Present – That turns our future to past.

It is 1.30 am, and I am alone, awake, and silent. I only hear the ticking of the clock and that of the fan working overtime (Summer!). I am experiencing complete peace. Is it because I am alone amid silence? Is peace, then, a function of loneliness and silence?

My mind is also calm. Is it because there are fewer things to distract me now? I am away from my mobile phone and am sure that the mobile phones of my contacts are also resting now. It really feels good to be free from the clutches of my mobile phone. Is that the reason most of the saints prefer to be alone in a calm place free of distractions?

Most of the time, I am fully in the present moment without any thoughts, just observing every moment as it unfolds. Time moves very slowly, and, at times, I feel it is still.

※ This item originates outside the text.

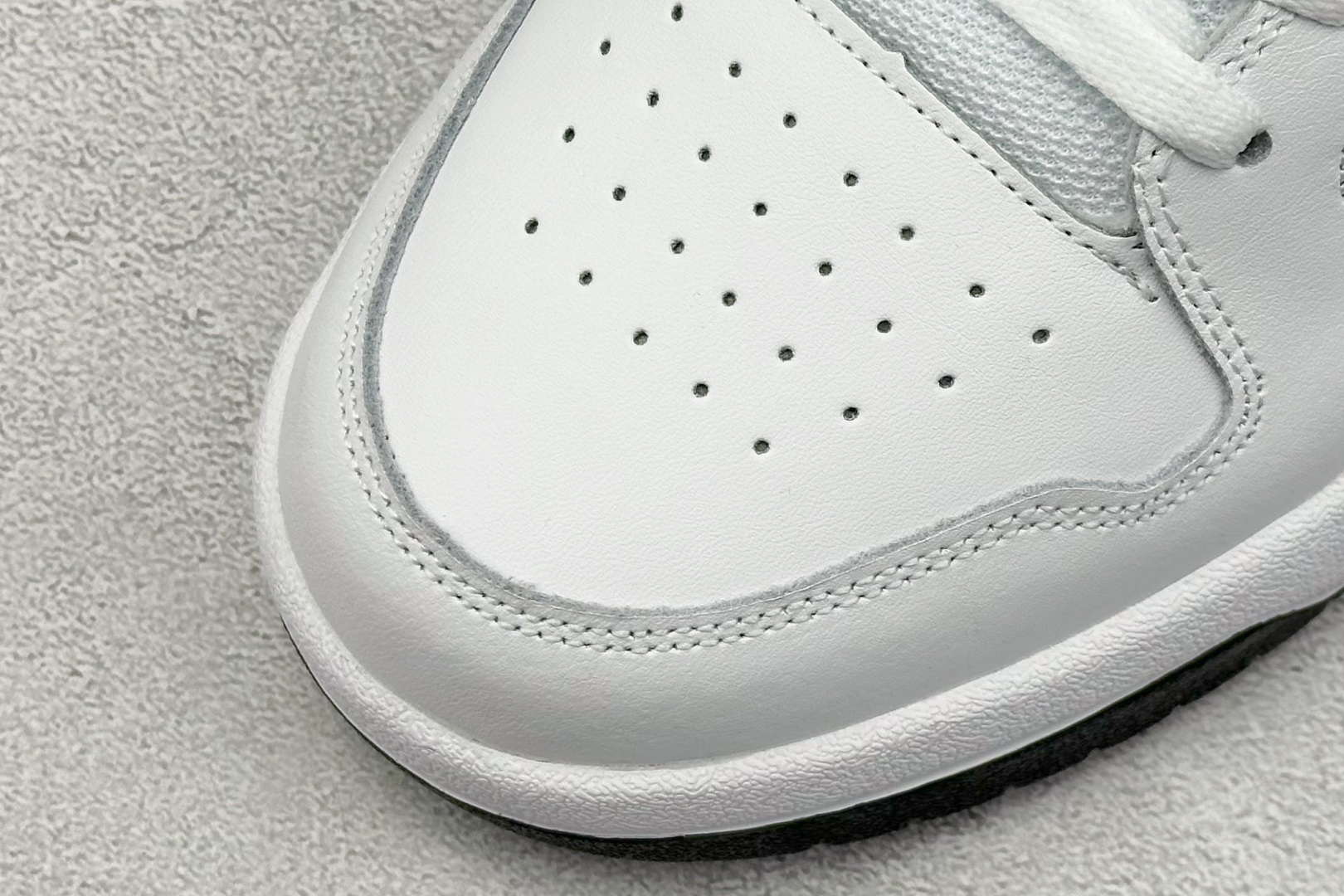  
adidas ENTRAP 篮球风格休闲鞋 
融合了多个年代的风格元素。在有些篮球爱好者眼中，它展现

It is a different experience altogether when you are fully in the present; there is no burden of the past and anxieties of the future.

I started to examine what really is the present moment. It appeared to me as just a transitory moment which erodes my future and gets accumulated with my past. When you are fully immersed in such transitory moments, there is a sense of realization which is difficult to explain but pleasant to experience; it gives you absolute peace and genuine joy. But it vanishes the moment you step out of it and get back to your past or future thinking.

Good dreams about our future also give us a sort of imaginary pleasure. But it is not real until such a time as it is realized. But for most of us, it seems that imaginary joy is filling; the very thought of thinking of something big, or thinking of ourselves as a hero, in an imaginary life situation makes us happy. A series of constructive thoughts makes us, no doubt, and vice versa breaks us. When we can’t avoid thinking, what is harm in filling ourselves with constructive and positive thoughts? At least we can experience imaginary joy rather than letting ourselves be subjected to less constructive thoughts taking control over us and making us suffer.

But to experience real joy, we need to confront reality and fully be with it, enjoy and experience every transitory moment that turns our future into our past.